Run pip install -e . from the git root directory. Raider Backend will call Web Raider using pipeline_main(user_query: str) from web_raider/pipeline.py.

Usage

  1. Configure your scraping tasks by editing the configuration files in the config directory.
  2. Run the scraper using the command: poetry run python main.py
  3. The scraped data will be saved in the output directory.

How the Repository Works

  • web-raider/: Contains the core logic of the application.
    • article.py: Handles the extraction of codebase URLs from articles.
    • codebase.py: Defines the Codebase class and its subclasses for different code hosting platforms.
    • connection_manager.py: Manages WebSocket connections and message buffering.
    • evaluate.py: Evaluates codebases based on a query.
    • model_calls.py: Handles calls to external models for query simplification, relevance, scoring, and ranking.
    • pipeline.py: Defines the main pipeline for processing user queries.
    • search.py: Handles Google search queries and filters results.
    • shortlist.py: Shortlists codebases based on a query.
    • url_classifier.py: Classifies URLs into different categories.
    • utils.py: Contains utility functions.
    • constants.py: Defines constants used across the application.
    • init.py: Initializes the web-raider package.
  • assets/: Contains auxiliary files and configurations.
    • key_import.py: Handles the import of API keys.
    • prompts.py: Defines various prompts used in model calls.
    • init.py: Initializes the assets package.
  • tests/: Contains unit tests for the application. Run the tests using pytest to ensure everything is working correctly.

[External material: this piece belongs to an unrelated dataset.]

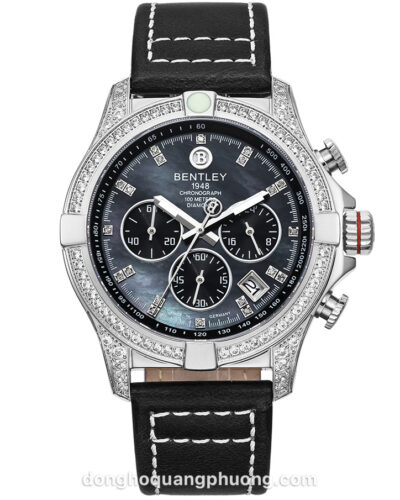 Đồng hồ Bentley BL1796-202WBB-S chính hãng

Tasklist to complete before Wallaby

  1. fix relative/absolute import problem. don't rely on -m
  2. need to be able to run the code from any directory

Future Implementations/Improvements

  • Use Machine Learning Classification Algorithms to classify types of URLs to their type (Codebase, Article, Forum)
  • Find a way to handle Forum URLs (right now they are not processed)
  • Find a way to scrape code directly from Articles and Forum URLs (right now only links are scraped)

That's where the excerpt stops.